Ihr wurde schwarz vor Augen und sie atmete zischend ein, als sie den kühlen Lauf der Waffe an ihrer Schläfe spürte.

Keine Bewegung!", zischte eine wütende weibliche Stimme in ihrem Ohr.

Blitzartig versuchte Lilliana nach ihrem Dolch in ihrer Jackentasche zu greifen, doch ihre Gegnerin kam ihr voraus, indem sie grob nach ihren Händen griff und sie über ihren Kopf fixierte, während sie den Lauf der Waffe fest gegen ihre Schläfe drückte. Schmerzerfüllt stöhnte Lilliana auf. Sie versuchte, irgendwelche Informationen über ihre Gegnerin herauszufinden, doch sie konnte bloß schwarzes Haar erkennen, da kein einziges Licht mehr in den Schulfluren der High School brannte. Verdammt, wer konnte das bloß sein? Sie kannte doch niemanden auf der Erde, wer könnte ihr hier etwas anhaben wollen?

Lillianas Blick fiel auf Will, der völlig erstarrt hinter der Frau auf der Stelle verharrt war und den ihre Gegnerin völlig zu ignorieren schien. Vielsagend sah sie ihn an und nickte kaum merklich, doch Will hatte ihre Botschaft verstanden. Mit einem heftigen Fausthieb zielte er auf die Frau, bereit sie umzustoßen, doch ihre unbekannte Gegnerin war Will weitaus überlegen. Sie sah den Schlag kommen und wehrte ihn gezielt ab. Dafür musste sie jedoch ihre Hand von Lillianas Handgelenken lösen, was Lilliana sofort ausnutzte. Blitzschnell griff sie nach ihrem Dolch und rammte ihr Knie mit aller Kraft in den Bauch der Frau, sodass sie schmerzerfüllt aufschrie und sich von ihr löste.

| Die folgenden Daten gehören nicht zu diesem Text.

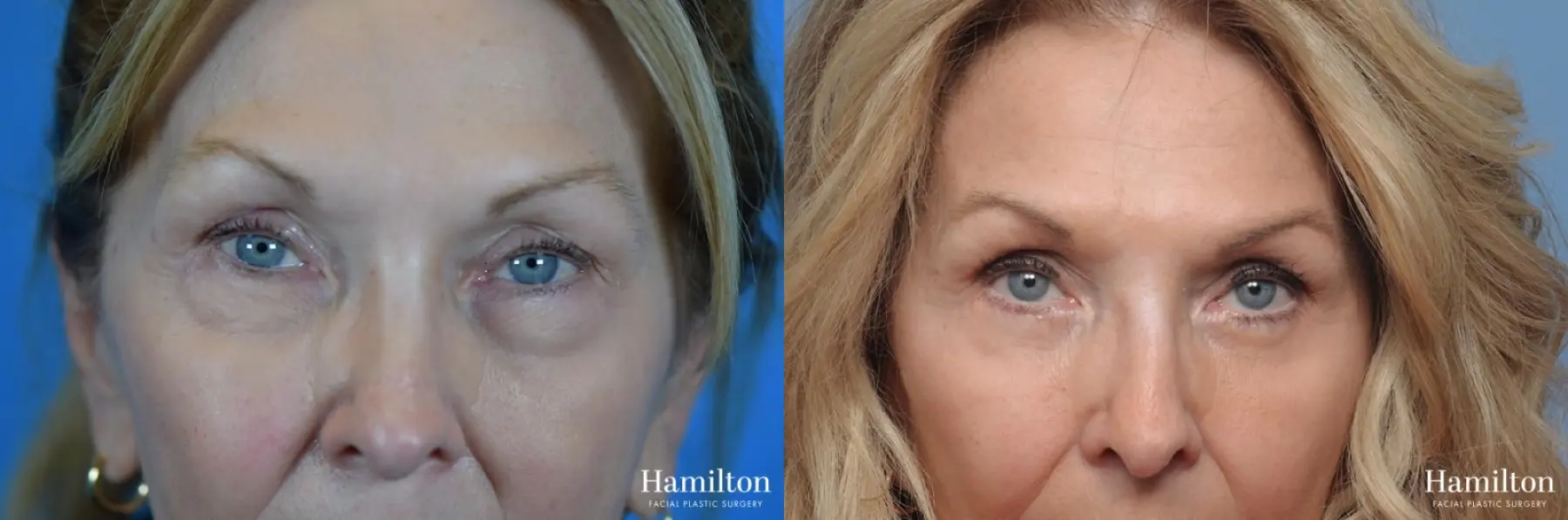 Blepharoplasty: Patient 5 - Before and After 1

Lilliana wusste, dass das ein gewagter Schritt von ihr gewesen war. Schließlich hätte ihre Gegnerin die Waffe abdrücken können, die bis vor wenigen Sekunden noch auf ihrer Stirn gelastet hatte. Doch der Fakt, dass sie dies nicht getan hatte, sagte Lilliana alles aus, was sie wissen musste: Was auch immer diese Frau von ihr wollte, es war nicht ihr Tod.

Gekonnt sprang Lilliana auf, doch genauso schnell war auch die Frau wieder auf den Füßen. Schnell stieß Lilliana sie gegen die steinige Wandmauer, doch die Frau zückte erneut ihre Waffe und hielt sie ihr entgegen, während Lilliana ihren Dolch warnend an ihrer Kehle hielt. Sie ging sogar so weit, ihre Haut mit der Klinge zu streifen, sodass ein dünner Blutrinnsal ihren Hals hinunterfloss.

Schwer atmend verharrten sie in dieser Position, wobei sie sich gegenseitig anstarrten. Nun konnte Lilliana auch einige wenige graue Strähnen inmitten ihrer pechschwarzen Haare erkennen. Verblüfft stellte Lilliana fest, dass es sich um eine Frau mittleren Alters handelte, was sie aufgrund ihrer scharfen Kondition nicht erwartet hätte.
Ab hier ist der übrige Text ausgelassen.